In a typical deal, after a theater’s operating costs have been paid, the first week’s revenues are split 90-10 in favor of the distributor which is why the initial grosses are so important for a studio. That split shifts in the exhibitor’s favor as the run continues, though precise terms are separately negotiated for each picture. The longer a film’s run, the more the theater operator makes.
Pressure from exhibitors to increase flagging revenues comes after a decade in which almost every major studio established a specialty unit from Searchlight to the recently formed Paramount Classics and Universal Focus. Now many of these are finding they have to be very careful about which pictures they commit to, or the theater chains just won’t play them.
Distributors change course
Only a few years ago, Fox Searchlight was buying films like “The Brothers McMullen,” made on a shoestring budget of a few thousand dollars. Now it is choosing to invest in a very different kind of picture.
It was Searchlight that first developed “Traffic,” which was eventually made by USA Films, the fledgling movie division of Barry Diller’s media empire. Its budget: a staggering $55 million more than 100 times the cost of the average Sundance Film Festival contender. USA felt it was a far better investment to put its money in one big picture than in many smaller releases.
Similarly, a company like Miramax, which used to dominate the film festivals, went for more than a year without any significant acquisitions. Instead, it cut back on the ultra-low-budget releases, ramped up the number of bigger-budget films produced in-house and beefed up its sister company, Dimension Films, which makes “genre” releases like “Scream” and “Scary Movie.” (It recently has started buying again, though on a small scale.)
This year’s Sundance festival in Park City, Utah, which ran from Jan.18 to 28, provided plenty of proof of the new strategy that independent powerhouses are pursuing.
Whereas three or four years ago Miramax and other cash-rich companies were snapping up almost every decent picture in sight, this time hardly any of the independent movies shown at Sundance found buyers despite several drawing solid reviews.
“Nobody got ‘silly money’ for any one project,” said producer Michael Peyser, at Sundance with his film “Haiku Tunnel.” “Even if you had multiple bidders, the advances are not large any more. The buyers got burned in the past, and the costs of marketing and distribution have risen considerably.”
Increased marketing costs are pivotal. The Motion Picture Association of America said that while the average studio film costs $51.5 million to make, it costs another $25 million to market. How can art-house movies compete with that?

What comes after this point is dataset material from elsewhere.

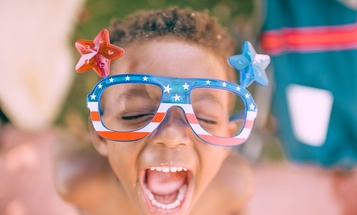 Happy child with American flag glasses on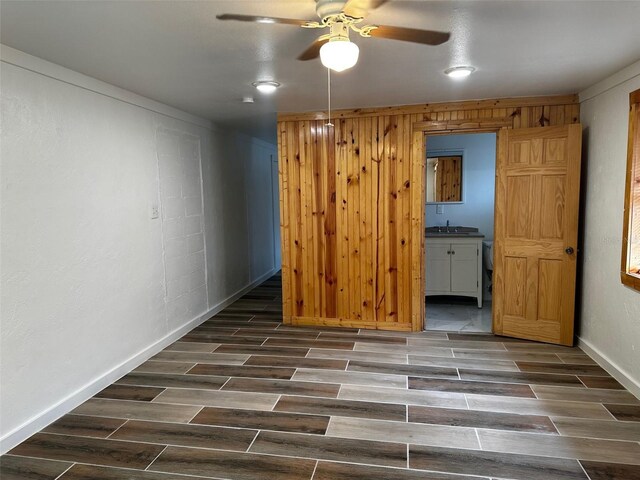 unfurnished bedroom with ceiling fan, wooden walls, and ensuite bathroom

“Years ago, you could depend on national magazines like Time and Newsweek to review foreign films and independent films on a regular basis,” said Sony’s Barker. “But now there seems to be less coverage than before. I think it’s due to pressure from editors.”
Diversifying for stability
Producer and distributor Regent Entertainment, which produced the critically acclaimed “Gods and Monsters,” is one company that is still betting on art-house releases.
But Regent is also following a new strategy: buying theaters as well as producing movies. That diversifies risk and gives it a solid real-estate investment. Indeed, the value of its real estate holdings has soared, according to Paul Colichman, one of the company’s partners.
Regent has invested several hundred thousand dollars in renovating the Regent Showcase on La Brea Avenue in Hollywood and is putting the same kind of money into a theater in Dallas.
And the renovations appear to be yielding results with the Showcase’s latest release, “Crouching Tiger, Hidden Dragon.” In its first week at the Hollywood theater, “Dragon” brought in an almost unheard of $100,000, said Colichman. Still, he notes, most of the time the theater does “only breakeven business.”
That may be fine for art lovers, but it isn’t acceptable to Hollywood business executives.